Caddilac revealed the creation of Book,  a subscription service allowing a customer to pay a flat monthly fee for unlimited use of the automaker's lineup. Ford's Chairman Bill Ford remarked that shared services could provide a revenue stream "Unlike they have seen". Add that to GM's sizable investment in Lyft and it's clear that automakers are hedging their bets on a shared vehicle future. 

All of this is leading to claims that OEMs are planning products and services that are in direct competition with the current retail sales model, a prospect that concerns many of their franchised dealers.

Rather than face massive revolt later, manufacturers can start by including their dealers now. Here are some ideas...

Dealerships as Sign-Up Centers: 

While the telecom industry is a mobile focused area, in person stores are still utilized to give subscribers a place to experience the products and sign up for service. Creating a plan for utilizing the existing footprint will give dealers a share in the future (when paired with incentives for subscriptions). 

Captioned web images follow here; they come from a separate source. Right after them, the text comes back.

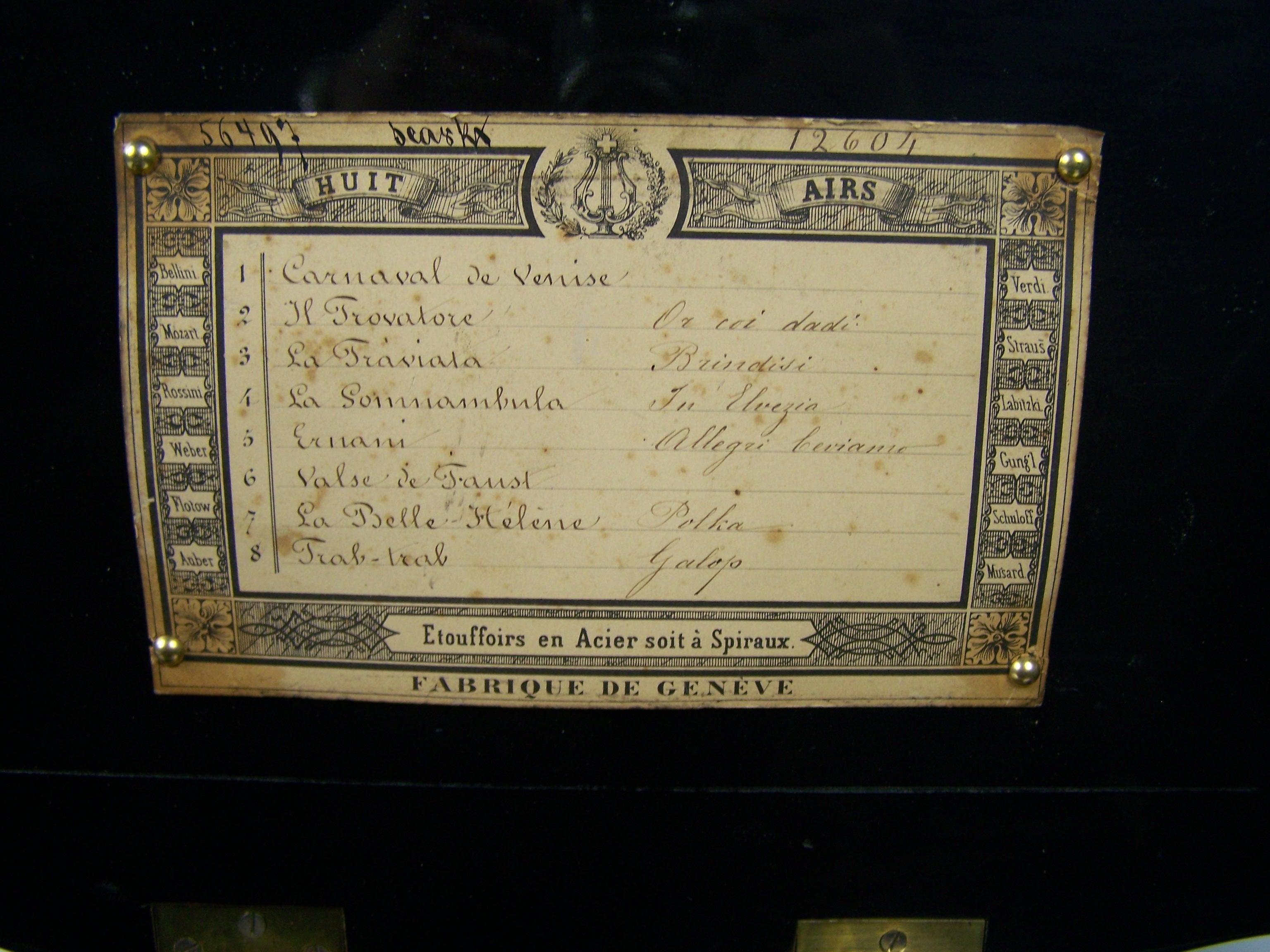 Swiss Clock with Musical Box by BA Bremond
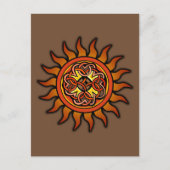 Celtic Sun 4 Postkarte (Vorderseite)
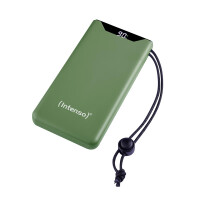 Intenso 7332037, 10000 mAh, Lithium Polymer (LiPo), Power Delivery, Quick Charge 3.0, 3,7 V, 20 W, Grün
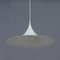White Semi Pendant by Bonderup and Thorup for Fog Morup, 1960s, Image 5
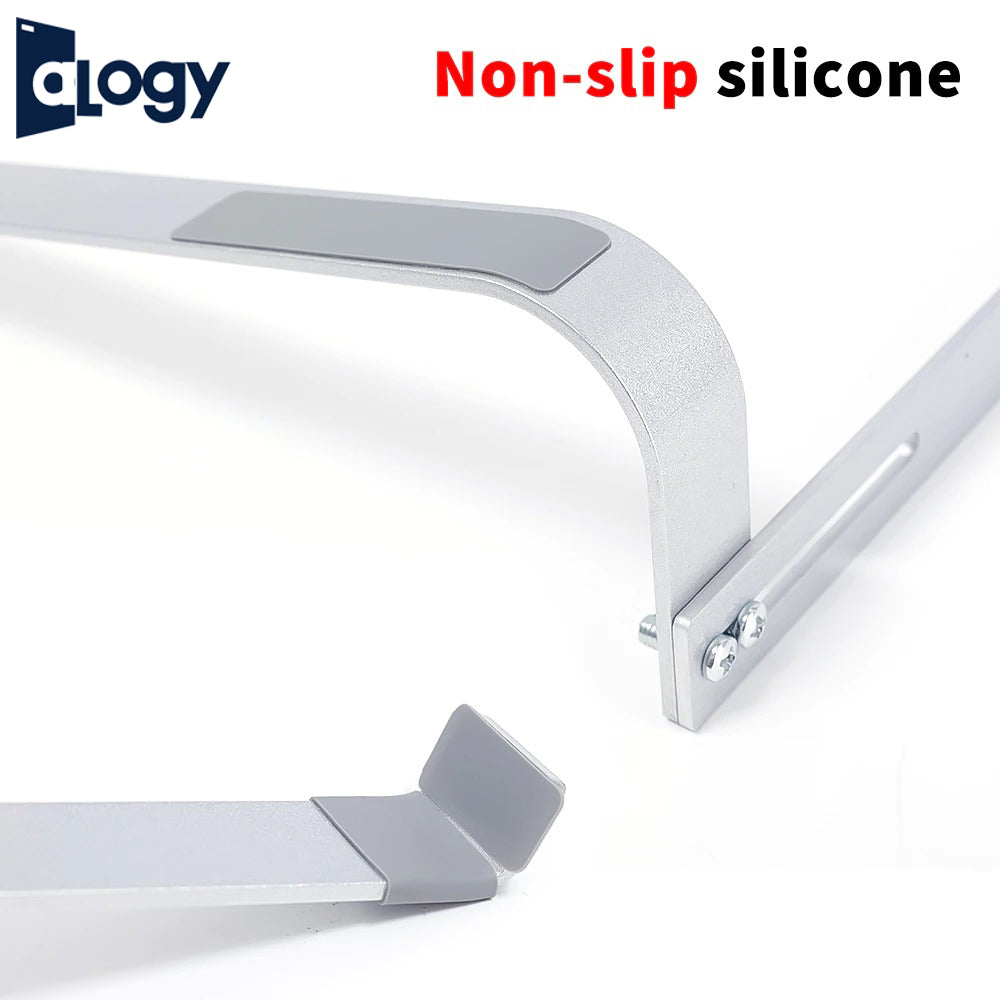 ALOGY Portable Metal Laptop Stand - Universal Folding Bracket for MacBook and Laptops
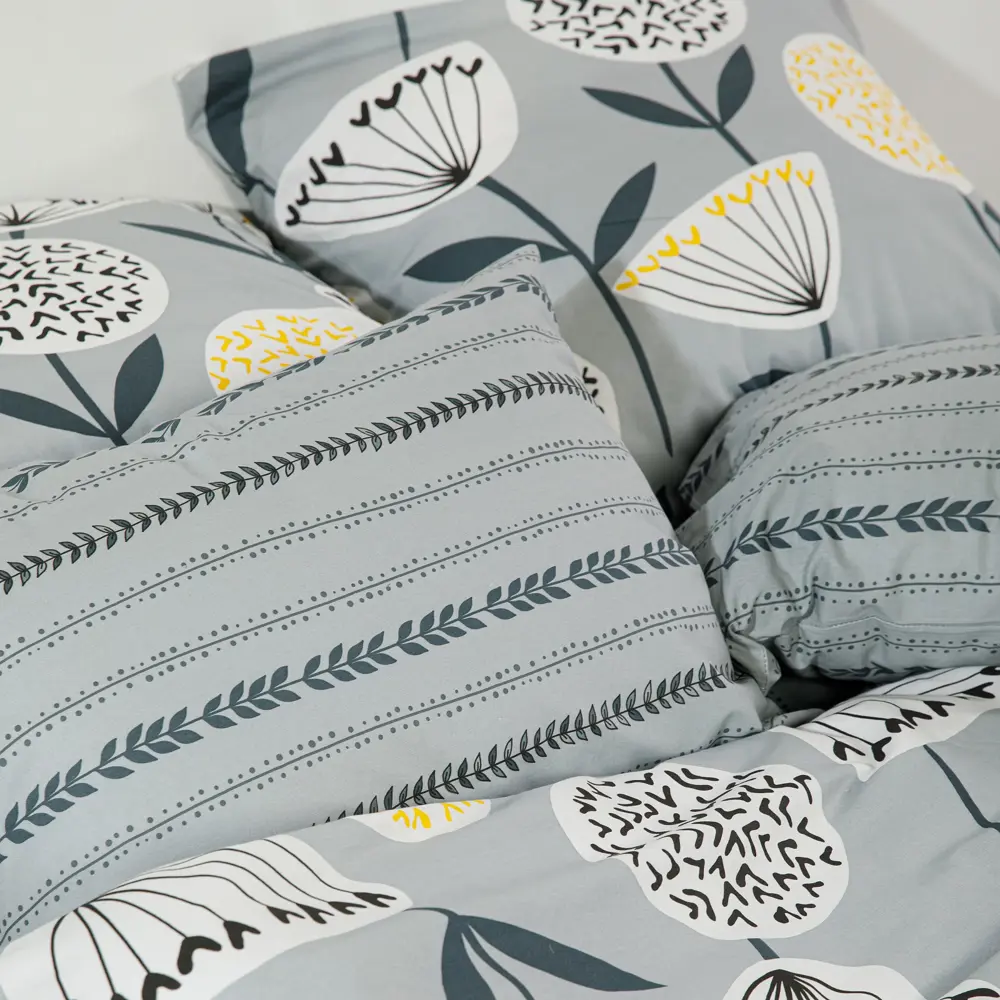 Фото 3 Комплект постельного белья Ночь Нежна Лилу 70510-1+70418-2 Поплин 2 сп. Евро 50x70 см (2)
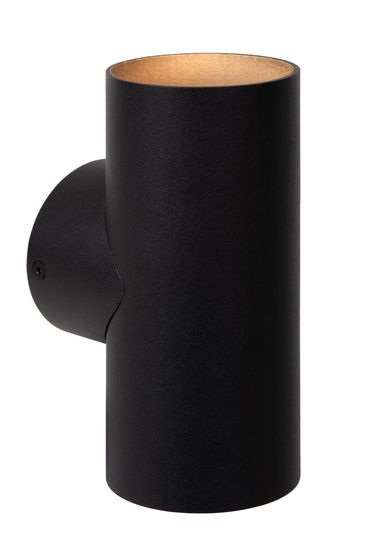 Lucide BONDI Wandleuchte 2x GU10 Schwarz 09242/02/30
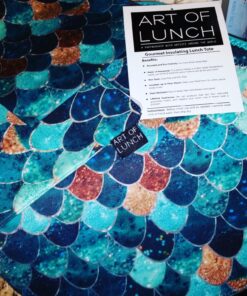 ARTOVIDA Artists Collective Reusable Lunch Baggies | Snack and Sandwich Bags with Zipper - Improved Dual Layer Design by Monika Strigel (Germany) "Really Mermaid" Monika Strigel - Really Mermaid 17 81qjNIV zZL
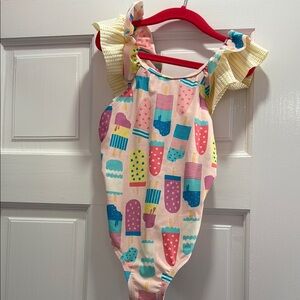 Ruffle Butts Popsicle Print One Piece - Multicolor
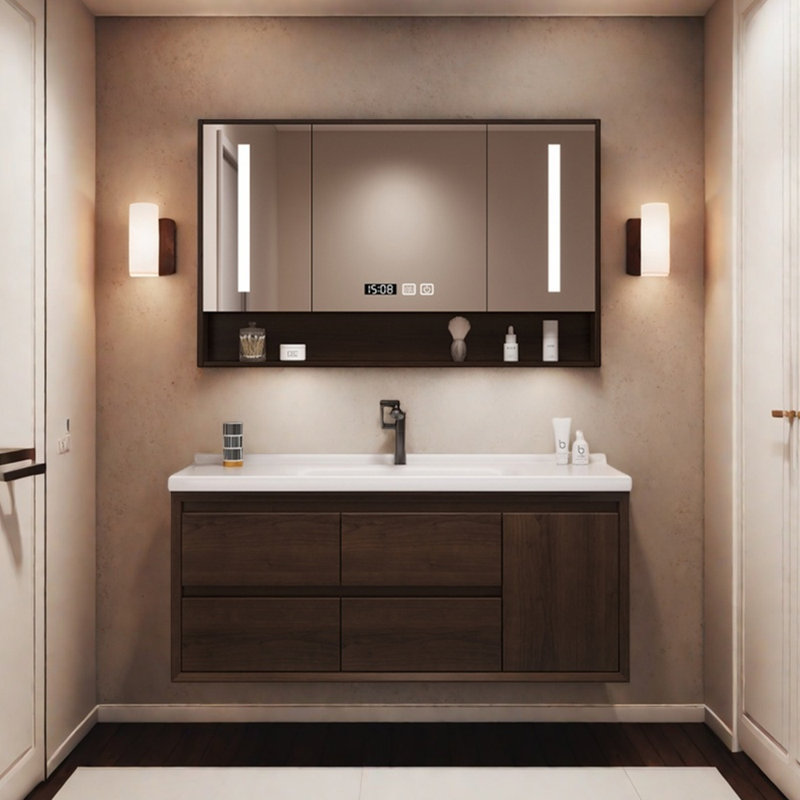 Retro high-end style simple bathroom cabinet
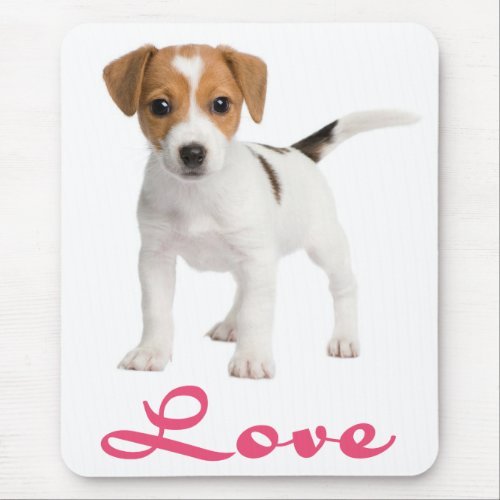 Love Jack Russell Terrier Puppy Dog Mousepad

Dealerships as Service Centers 

This idea may be a little obvious as Dealerships already represent the service network for existing OEMs, but there are steps that can be taken now to prepare them for the change in customer expectations. Planning for vehicles that drive themselves into the dealership for work and how to manage that business is one step and developing methods to replace down subscription vehicles is another.  Service departments will also have to plan on how to expedite service on these vehicles as they will be in more frequently and excessive downtime will impact profitability of the subscription model.

 The Pre-Owned Problem

Witt shared efficiency and autonomy, vehicles will be constantly transporting customers to and from their destinations with minimal downtime. This means that vehicles will accumulate mileage extremely quickly and exceeding the markets current definition of average miles. This will create a huge supply of hike mileage late model cars that Dealerships can help with via used car operations. 

There is no doubt that self-driving cars and subscription services are going to change how consumers use vehicles in the future and how smoothly automakers integrate their current dealer network will likely determine the winners and losers of this new frontier.